Louisiana State University, Baton Rouge LA

Investigators

Abstract

DEB-0108555 Jimmy McGuire Robert Dudley A grant has been awarded to Drs. Jimmy A. McGuire of Louisiana State University and Robert Dudley of the University of Texas at Austin to investigate the role that morphology and physiology have played in the evolution of flight performance in hummingbirds. More specifically, they will generate a phylogenetic tree describing the species-level genealogy for 300 species of hummingbirds and will then use this genealogy as the framework for comparative analysis.
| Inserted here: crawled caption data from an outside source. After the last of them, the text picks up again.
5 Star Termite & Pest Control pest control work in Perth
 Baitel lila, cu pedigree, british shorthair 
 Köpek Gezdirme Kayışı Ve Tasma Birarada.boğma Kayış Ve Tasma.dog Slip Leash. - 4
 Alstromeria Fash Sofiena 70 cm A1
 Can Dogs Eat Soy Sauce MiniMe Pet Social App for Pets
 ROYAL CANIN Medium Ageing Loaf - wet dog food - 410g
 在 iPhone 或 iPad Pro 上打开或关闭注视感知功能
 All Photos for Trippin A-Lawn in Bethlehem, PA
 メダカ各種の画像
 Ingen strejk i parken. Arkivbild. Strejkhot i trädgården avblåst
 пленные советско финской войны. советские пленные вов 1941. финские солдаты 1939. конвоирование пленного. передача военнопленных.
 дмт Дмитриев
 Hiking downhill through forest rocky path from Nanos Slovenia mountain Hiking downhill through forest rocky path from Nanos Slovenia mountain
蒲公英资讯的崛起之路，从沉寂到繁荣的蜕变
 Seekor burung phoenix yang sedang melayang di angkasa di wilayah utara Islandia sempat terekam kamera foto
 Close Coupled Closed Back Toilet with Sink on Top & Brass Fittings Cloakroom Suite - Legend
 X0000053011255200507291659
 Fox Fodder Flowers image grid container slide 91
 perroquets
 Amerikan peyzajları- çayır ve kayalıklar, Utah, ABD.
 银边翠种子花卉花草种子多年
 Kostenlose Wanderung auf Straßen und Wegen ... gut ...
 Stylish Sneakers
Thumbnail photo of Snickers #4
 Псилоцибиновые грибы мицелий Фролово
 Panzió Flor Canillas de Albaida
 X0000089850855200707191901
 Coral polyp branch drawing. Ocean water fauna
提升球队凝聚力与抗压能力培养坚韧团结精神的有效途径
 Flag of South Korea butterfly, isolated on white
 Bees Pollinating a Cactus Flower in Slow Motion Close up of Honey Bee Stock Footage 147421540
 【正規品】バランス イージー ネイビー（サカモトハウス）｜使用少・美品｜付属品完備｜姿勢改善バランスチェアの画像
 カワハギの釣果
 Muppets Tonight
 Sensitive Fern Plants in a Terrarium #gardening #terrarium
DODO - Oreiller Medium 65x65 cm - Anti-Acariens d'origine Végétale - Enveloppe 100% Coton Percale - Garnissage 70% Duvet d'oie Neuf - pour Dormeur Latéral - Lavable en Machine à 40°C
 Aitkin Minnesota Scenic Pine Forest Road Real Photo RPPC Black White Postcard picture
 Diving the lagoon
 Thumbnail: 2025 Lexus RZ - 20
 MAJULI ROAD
To produce this tree, they will sequence five genes (one mitochondrial and 4 nuclear) and then analyze these genetic data by applying a recently developed model-based method of phylogenetic analysis. In the second component of the project, they are measuring flight performance across the diversity of hummingbirds to evaluate how variation in morphological design affects locomotor performance, and how hummingbirds that occur at high elevation compensate for reduced air density and oxygen content in this aerodynamically challenging environment. The phylogenetic analysis is not only critical for statistical analysis of flight performance data, but will also be invaluable to the larger community of evolutionary biologists that utilize hummingbirds as the "model system" for their own investigations. This work is also of general importance because it will substantially improve current understanding of animal flight by utilizing comparative performance data. These data are extremely difficult to obtain for other vertebrate species, but tractable in hummingbirds because of their use of hovering flight.